> [Brief]:
Find the line containing "Full Length Seated" in the records below. Copy exactly that line and each one after it, ending at the line containing "Inch- U) view 1", and nothing more.

*** Material for the task ***

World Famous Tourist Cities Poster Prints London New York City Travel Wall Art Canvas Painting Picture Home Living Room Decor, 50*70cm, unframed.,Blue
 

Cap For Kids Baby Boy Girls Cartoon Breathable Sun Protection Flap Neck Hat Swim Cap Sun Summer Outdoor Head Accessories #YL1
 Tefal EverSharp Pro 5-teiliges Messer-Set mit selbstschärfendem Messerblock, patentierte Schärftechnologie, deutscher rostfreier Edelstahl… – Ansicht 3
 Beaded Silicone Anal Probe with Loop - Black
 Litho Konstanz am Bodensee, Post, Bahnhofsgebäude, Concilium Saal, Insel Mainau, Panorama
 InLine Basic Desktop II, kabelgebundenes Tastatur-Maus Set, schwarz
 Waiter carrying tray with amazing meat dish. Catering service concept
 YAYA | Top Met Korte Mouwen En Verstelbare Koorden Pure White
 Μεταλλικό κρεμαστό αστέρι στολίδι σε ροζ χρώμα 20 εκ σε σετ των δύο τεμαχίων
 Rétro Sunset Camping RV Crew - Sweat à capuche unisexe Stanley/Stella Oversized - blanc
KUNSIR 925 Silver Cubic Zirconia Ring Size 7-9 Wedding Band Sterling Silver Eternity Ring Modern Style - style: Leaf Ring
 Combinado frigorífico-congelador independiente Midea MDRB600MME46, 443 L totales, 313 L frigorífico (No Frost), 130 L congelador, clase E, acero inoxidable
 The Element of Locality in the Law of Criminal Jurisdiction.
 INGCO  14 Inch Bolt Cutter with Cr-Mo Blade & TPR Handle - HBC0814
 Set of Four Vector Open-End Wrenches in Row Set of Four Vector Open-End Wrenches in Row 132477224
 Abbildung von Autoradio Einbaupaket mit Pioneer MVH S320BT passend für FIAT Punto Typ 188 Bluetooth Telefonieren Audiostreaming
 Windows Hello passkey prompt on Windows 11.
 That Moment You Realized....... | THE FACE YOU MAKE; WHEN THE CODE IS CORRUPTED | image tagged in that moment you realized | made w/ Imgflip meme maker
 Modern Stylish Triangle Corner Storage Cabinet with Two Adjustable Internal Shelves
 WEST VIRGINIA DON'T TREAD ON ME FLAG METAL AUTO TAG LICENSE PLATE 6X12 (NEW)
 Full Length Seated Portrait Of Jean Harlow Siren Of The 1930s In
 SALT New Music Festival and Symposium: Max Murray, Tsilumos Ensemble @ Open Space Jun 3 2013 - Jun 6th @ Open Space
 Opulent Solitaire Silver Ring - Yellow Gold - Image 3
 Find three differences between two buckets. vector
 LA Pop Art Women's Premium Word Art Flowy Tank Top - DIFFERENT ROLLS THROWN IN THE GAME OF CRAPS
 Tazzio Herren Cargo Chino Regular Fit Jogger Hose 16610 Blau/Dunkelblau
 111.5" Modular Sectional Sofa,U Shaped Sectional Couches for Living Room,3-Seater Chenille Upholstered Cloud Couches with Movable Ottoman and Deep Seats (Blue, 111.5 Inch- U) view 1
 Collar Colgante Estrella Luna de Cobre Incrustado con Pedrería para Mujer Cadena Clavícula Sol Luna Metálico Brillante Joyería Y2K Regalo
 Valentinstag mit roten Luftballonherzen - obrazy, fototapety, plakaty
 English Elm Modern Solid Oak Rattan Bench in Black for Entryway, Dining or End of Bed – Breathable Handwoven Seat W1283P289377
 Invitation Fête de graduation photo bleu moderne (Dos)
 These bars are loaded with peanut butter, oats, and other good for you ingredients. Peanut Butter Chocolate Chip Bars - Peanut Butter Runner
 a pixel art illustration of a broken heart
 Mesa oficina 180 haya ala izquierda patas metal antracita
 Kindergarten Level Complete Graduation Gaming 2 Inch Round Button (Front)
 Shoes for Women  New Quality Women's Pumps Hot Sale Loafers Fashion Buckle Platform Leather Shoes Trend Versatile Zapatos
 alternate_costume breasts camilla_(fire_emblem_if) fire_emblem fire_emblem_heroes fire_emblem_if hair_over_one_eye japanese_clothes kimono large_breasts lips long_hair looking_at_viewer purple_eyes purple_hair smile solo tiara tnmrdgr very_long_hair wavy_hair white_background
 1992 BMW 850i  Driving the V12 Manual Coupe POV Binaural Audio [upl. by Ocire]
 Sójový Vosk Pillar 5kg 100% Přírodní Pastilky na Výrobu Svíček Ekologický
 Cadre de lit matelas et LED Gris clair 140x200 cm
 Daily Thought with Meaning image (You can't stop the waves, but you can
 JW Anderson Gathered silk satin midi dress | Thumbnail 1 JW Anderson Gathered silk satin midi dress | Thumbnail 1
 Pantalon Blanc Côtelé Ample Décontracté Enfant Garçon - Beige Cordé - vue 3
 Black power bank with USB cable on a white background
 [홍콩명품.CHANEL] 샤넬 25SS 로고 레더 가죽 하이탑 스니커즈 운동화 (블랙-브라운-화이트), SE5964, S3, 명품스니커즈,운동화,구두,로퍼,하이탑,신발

*** End of Material for the task ***

> [Task result]:
 Full Length Seated Portrait Of Jean Harlow Siren Of The 1930s In
 SALT New Music Festival and Symposium: Max Murray, Tsilumos Ensemble @ Open Space Jun 3 2013 - Jun 6th @ Open Space
 Opulent Solitaire Silver Ring - Yellow Gold - Image 3
 Find three differences between two buckets. vector
 LA Pop Art Women's Premium Word Art Flowy Tank Top - DIFFERENT ROLLS THROWN IN THE GAME OF CRAPS
 Tazzio Herren Cargo Chino Regular Fit Jogger Hose 16610 Blau/Dunkelblau
 111.5" Modular Sectional Sofa,U Shaped Sectional Couches for Living Room,3-Seater Chenille Upholstered Cloud Couches with Movable Ottoman and Deep Seats (Blue, 111.5 Inch- U) view 1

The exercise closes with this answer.